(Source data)
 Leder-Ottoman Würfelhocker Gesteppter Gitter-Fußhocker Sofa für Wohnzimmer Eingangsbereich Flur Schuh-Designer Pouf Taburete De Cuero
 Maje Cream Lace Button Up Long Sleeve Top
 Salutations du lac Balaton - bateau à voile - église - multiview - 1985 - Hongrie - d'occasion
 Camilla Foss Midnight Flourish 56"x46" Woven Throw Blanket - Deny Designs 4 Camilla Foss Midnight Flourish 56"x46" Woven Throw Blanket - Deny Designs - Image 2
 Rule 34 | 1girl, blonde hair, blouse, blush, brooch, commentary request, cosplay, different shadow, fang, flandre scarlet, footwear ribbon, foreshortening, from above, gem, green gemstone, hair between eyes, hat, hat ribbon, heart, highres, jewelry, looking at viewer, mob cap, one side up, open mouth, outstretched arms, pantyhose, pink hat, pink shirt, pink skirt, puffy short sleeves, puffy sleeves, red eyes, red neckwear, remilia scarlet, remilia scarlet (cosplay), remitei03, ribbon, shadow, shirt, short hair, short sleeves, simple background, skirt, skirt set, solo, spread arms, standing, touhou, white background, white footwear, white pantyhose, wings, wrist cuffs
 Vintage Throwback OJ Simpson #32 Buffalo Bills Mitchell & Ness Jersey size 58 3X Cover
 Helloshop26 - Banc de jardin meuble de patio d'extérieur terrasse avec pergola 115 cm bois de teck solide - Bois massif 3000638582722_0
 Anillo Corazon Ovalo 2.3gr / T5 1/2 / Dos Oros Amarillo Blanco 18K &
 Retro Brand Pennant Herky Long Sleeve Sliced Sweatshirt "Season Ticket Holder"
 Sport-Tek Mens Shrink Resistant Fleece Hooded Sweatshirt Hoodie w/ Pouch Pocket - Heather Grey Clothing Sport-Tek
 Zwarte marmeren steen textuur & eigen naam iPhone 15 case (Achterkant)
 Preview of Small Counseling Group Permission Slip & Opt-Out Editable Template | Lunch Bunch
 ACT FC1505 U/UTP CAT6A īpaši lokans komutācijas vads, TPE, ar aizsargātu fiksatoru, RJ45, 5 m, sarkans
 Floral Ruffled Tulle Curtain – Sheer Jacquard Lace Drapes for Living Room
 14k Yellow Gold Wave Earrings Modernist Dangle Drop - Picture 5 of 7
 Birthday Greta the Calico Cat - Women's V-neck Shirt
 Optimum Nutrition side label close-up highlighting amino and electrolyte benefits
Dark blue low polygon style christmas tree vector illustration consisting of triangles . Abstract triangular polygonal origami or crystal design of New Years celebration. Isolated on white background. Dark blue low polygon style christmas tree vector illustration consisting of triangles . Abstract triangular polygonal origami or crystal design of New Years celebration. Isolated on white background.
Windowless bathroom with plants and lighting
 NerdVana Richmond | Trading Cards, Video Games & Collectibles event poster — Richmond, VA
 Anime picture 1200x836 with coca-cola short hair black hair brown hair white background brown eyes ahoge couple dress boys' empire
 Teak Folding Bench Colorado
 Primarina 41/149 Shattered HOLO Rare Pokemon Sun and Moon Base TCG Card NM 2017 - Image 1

#### About this exercise:
What do the lines above say from the one containing "ACT FC1505 U/UTP" down to the one containing "14k Yellow Gold"? Return them exactly, both end lines included, and only them.

#### Expected output:
 ACT FC1505 U/UTP CAT6A īpaši lokans komutācijas vads, TPE, ar aizsargātu fiksatoru, RJ45, 5 m, sarkans
 Floral Ruffled Tulle Curtain – Sheer Jacquard Lace Drapes for Living Room
 14k Yellow Gold Wave Earrings Modernist Dangle Drop - Picture 5 of 7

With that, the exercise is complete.